Ça tourne. Un gros plan d’Eric Zemmour, hilare dans les rues de Paris, s’élargit peu à peu pour faire apparaître Stéphane Ravier. Le sénateur démissionnaire du Rassemblement national traverse lentement (et symboliquement) la rue qui le sépare du candidat pour lui tomber dans les bras. La vidéo, méticuleusement mise en scène par les équipes de campagne, est ensuite postée sur les réseaux sociaux et largement relayée pour officialiser le ralliement de l’ex-frontiste à son ami de longue date. C’était un secret de polichinelle. Depuis des semaines l’élu marseillais multipliait les actes de défiance envers le RN et sa présidente, scindant le groupe sudiste entre les pro et les anti-Marine Le Pen. 

Si le mouvement de Stéphane Ravier était attendu, il n’en reste pas moins marquant. Après Gilbert Collard et Jérôme Rivière, c’est un troisième cadre frontiste qu’Eric Zemmour entraîne dans son sillage, et, avec lui, plusieurs élus locaux. Dans quelques fédérations, les fidèles de Marine Le Pen changent peu à peu leur fusil d’épaule pour rallier le candidat nationaliste. En Auvergne-Rhône-Alpes, plusieurs conseillers régionaux, qui avaient déjà quitté le groupe RN en décembre, ont eux aussi franchi le pas. Et les zemmouristes, avides de teasing, ne cessent de le répéter. “D’autres suivront, vous verrez, on vous réserve des surprises.” Ce n’est pas l’hémorragie promise au début de la campagne, mais entre Reconquête et le RN, la digue est rompue, et un flux régulier, et largement scénarisé, vient alimenter le parti d’Eric Zemmour.  

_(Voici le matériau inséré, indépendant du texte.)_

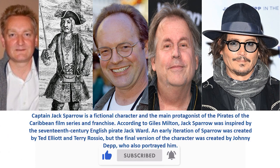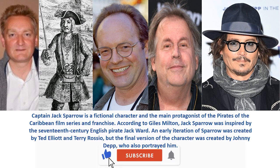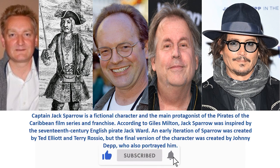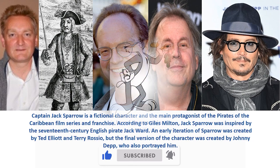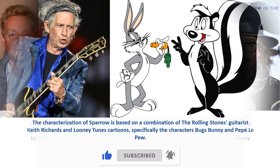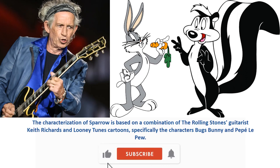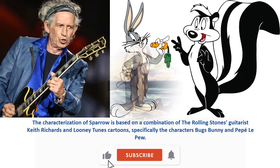An early iteration of Sparrow was created by Ted Elliott and Terry Rossio, but the final version of the character was created by Johnny Depp, who also portrayed him. The characterization of Sparrow is based on a combination of the Rolling Stones guitarist Keith Richards and Looney Tunes cartoons, specifically the characters Bugs Bunny and Pepe Le Pew.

“Marine, ça fait 3 ans que tu me tapes dessus. Tu as choisi de me virer de la CNI, c’était un acte hostile, le conflit n’est pas soldé”

Le nom qui circule désormais dans les couloirs du QG est celui de Nicolas Bay. Ecarté depuis 2018 de son poste de vice-président du RN, et plus récemment de la commission nationale d’investiture (CNI) du parti, il fait partie de cette aile conservatrice libérale que la direction de l’appareil ne voit pas d’un bon oeil. De ceux qui serrent les poings devant certains renoncements de la candidate, “sur Schengen, la PMA, la binationalité”. D’autant qu’il a un accès direct à Eric Zemmour, qu’il connaît bien et avec qui il échange régulièrement. En janvier, alors que des rumeurs sur son départ commencent à monter, le téléphone de l’eurodéputé sonne. Au bout du fil, une Marine Le Pen fébrile. Elle le questionne sur ses intentions, lui demande de s’impliquer dans la campagne. La réponse est cinglante : “Marine, ça fait 3 ans que tu me tapes dessus. Tu as choisi de me virer de la CNI, c’était un acte hostile, le conflit n’est pas soldé.” Il raccroche. Nicolas Bay boit du petit-lait. Après trois années de disgrâce, c’est lui qui a finalement les cartes en main. L’équipe dirigeante le sait, et tous, avec lui marchent sur des oeufs. “Il ne faudrait pas me donner une raison de partir”, raille-t-il en privé. 

Offre limitée. 2 mois pour 1€ sans engagement

Je m’abonne

Aujourd’hui, on en est certain. Le départ de l’eurodéputé n’est qu’une question de jours. Samedi, Eric Zemmour se rendra en Normandie, terre d’élection du frontiste, pour un déplacement. Et, comme à leur habitude, les équipes promettent “une surprise”, sourire en coin. Dans les hautes instances du RN, la pilule est amère. “Bay c’est la version limace des déserteurs, lent et baveux”, lâche un membre de la direction. “Evidemment, on a des ralliements RN, car ils savent que leur parti fonctionne comme une mafia, et qu’ils ne peuvent rien espérer là-bas, alors que chez nous, il reste beaucoup de postes à prendre”, commente un artisan de la campagne, qui se réjouit de cette OPA organisée. Alors la zemmourie se fait charmeuse. “On sait comment tu es traité au RN, ce ne sera pas le cas avec nous. Ta place est à nos côtés” : ce genre de message est envoyé à des cadres RN, souvent proches de Marion Maréchal, partisans d’une ligne plus libérale et défenseurs de l’union des droites. Même les plus marinistes des élus sont sondés. Il y a quelques semaines, plusieurs, dont Edwige Diaz, fraîchement nommée porte-parole de la campagne, reçoivent un texto. “Rejoins-nous, tu seras candidat aux législatives, on peut te prendre en charge financièrement.” 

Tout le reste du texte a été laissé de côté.